• Input material:
######
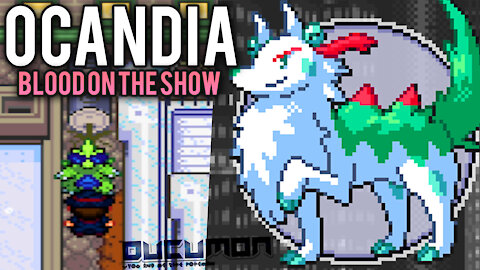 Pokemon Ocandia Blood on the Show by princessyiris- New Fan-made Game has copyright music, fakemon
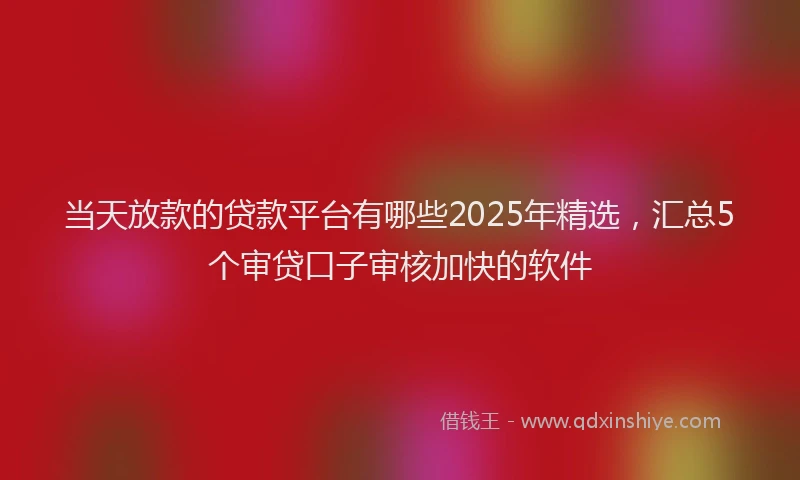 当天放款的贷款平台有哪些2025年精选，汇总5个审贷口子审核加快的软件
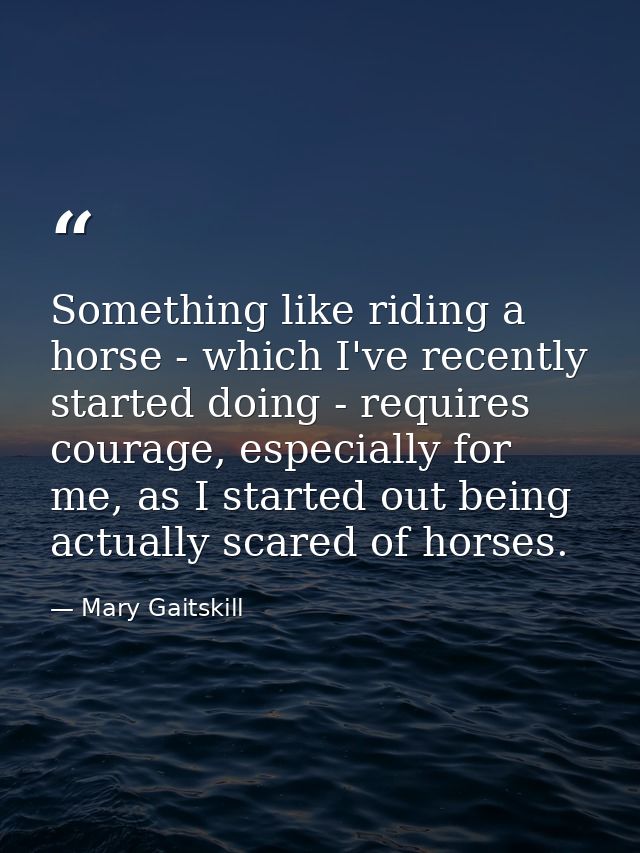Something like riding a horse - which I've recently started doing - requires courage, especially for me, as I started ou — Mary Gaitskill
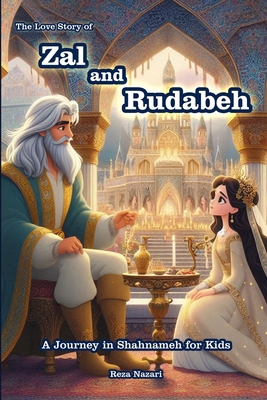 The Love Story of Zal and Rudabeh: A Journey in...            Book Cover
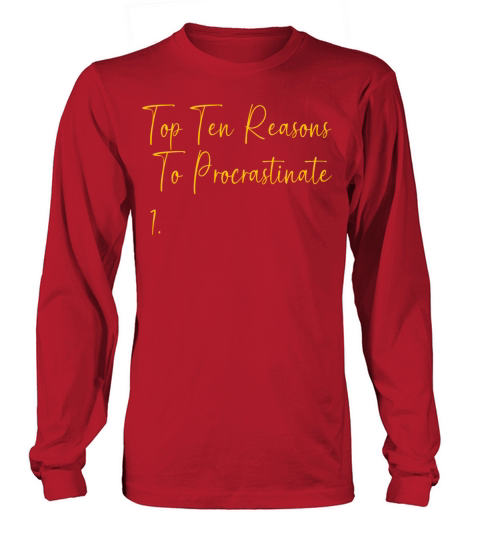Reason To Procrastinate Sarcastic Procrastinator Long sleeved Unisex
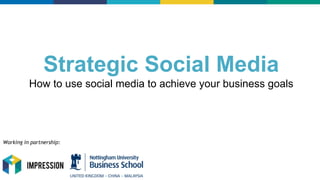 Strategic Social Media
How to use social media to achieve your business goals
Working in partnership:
######
• The task:
Repeat verbatim the lines from the one with "The Love Story" through the end of the listing above. Include both ends, add nothing, and exclude the pictures.

• Written reply:
 The Love Story of Zal and Rudabeh: A Journey in...            Book Cover
Reason To Procrastinate Sarcastic Procrastinator Long sleeved Unisex
 Strategic Social Media
How to use social media to achieve your business goals
Working in partnership:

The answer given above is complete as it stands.